フィルタープレス用フィルタークロス
【発明の詳細な説明】
【0001】
【産業上の利用分野】本発明はフィルタークロスに関するものであり、更に詳細には、機械操作の追従性に優れ、かつ、瀘過性およびケーキ剥離性を改善したフィルタークロスに関するものである。
【0002】
【従来の技術】無薬性浄水汚泥、下水処理消化汚泥の高分子凝集剤添加スラリー、微粒顔料スラリー、酒もろみ、酢もろみ等の難瀘過性スラリーの瀘過固液分離用フィルタープレスに、瀘過効率の向上を目的として、合成繊維のマルチフィラメント糸を織成、あるいは編成してなるフィルタークロスが使用されている。
【0003】酒もろみの瀘過・圧搾例に基いて従来技術を説明する。
【0004】酒もろみ瀘過用のフィルタークロスとして、ポリエステルのマルチフィラメントを経糸および緯糸の構成成分として緻密な織組織に製織されたものが使用されている。例えば、本発明の出願人も、実公昭58−14972号公報にポリエステル繊維のマルチフィラメントを織成フィルタークロスの構成素材として使用することを提案している。

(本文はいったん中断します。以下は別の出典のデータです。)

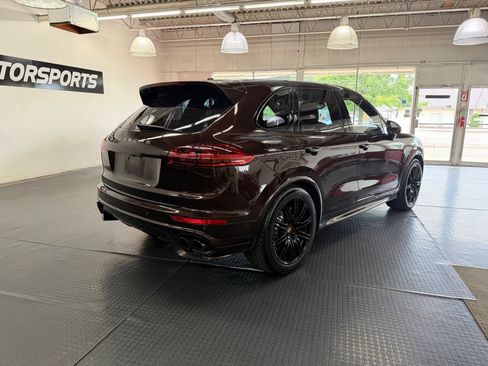 Used 2016 Porsche Cayenne Turbo S AWD/4WD image 8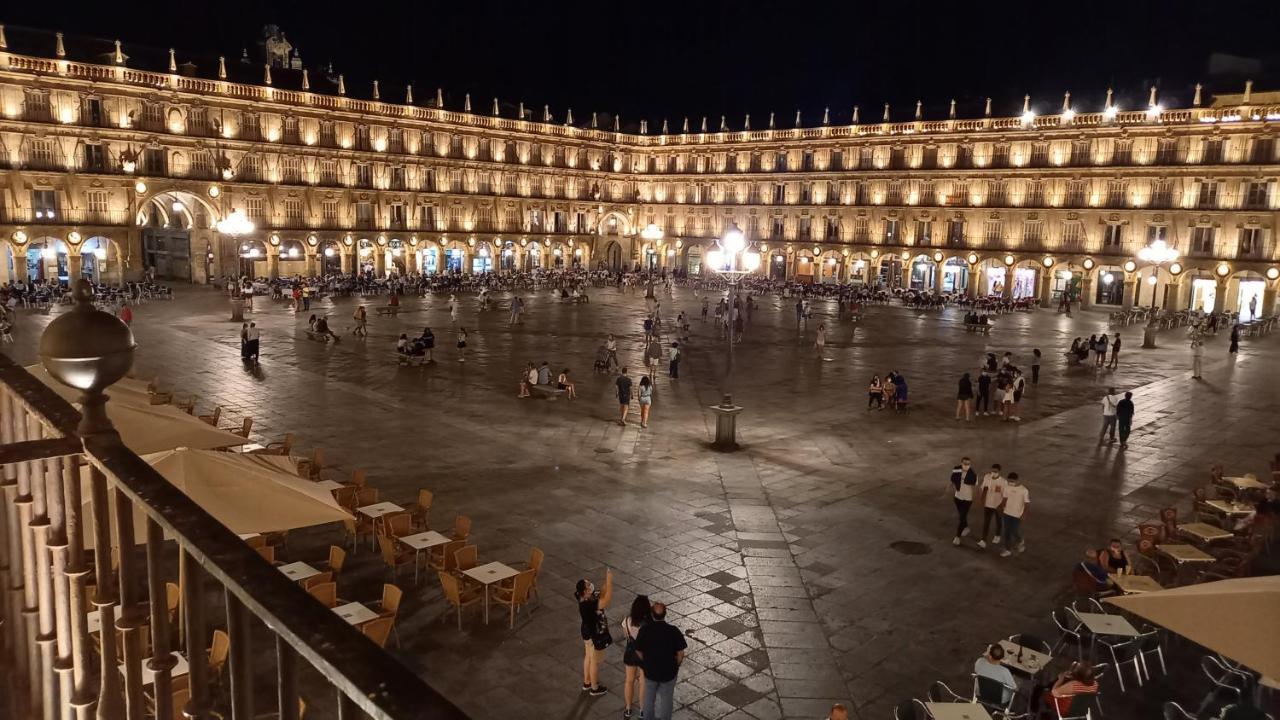 Calle Toro 2, 1º Con Balcones A La Misma Plaza Mayor!! Apartment Salamanca Luaran gambar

【0005】上記合成繊維製のフィルタークロスは、酒造シーズン中を通して使用した後、翌年度の酒造シーズンに備えて洗濯再生するが、この際に収縮が少なく、寸法安定性に優れ、取扱いが極めて容易なため酒もろみ瀘過用のフィルタークロスの主流を占めている。より詳細に説明すると、フィルタークロスの形成材料として使用されるポリエステルのマルチフィラメントは、細デニールの連続長繊維を多数本収束することによって織地用の糸条に形成されており、繊維の表面に毛羽がないことに起因して、フィルタークロスの表面への酒もろみ固形分の残留、付着が少なく、ケーキの剥離性と、洗浄再生の容易な瀘過媒体としてその実用性を高く評価されている。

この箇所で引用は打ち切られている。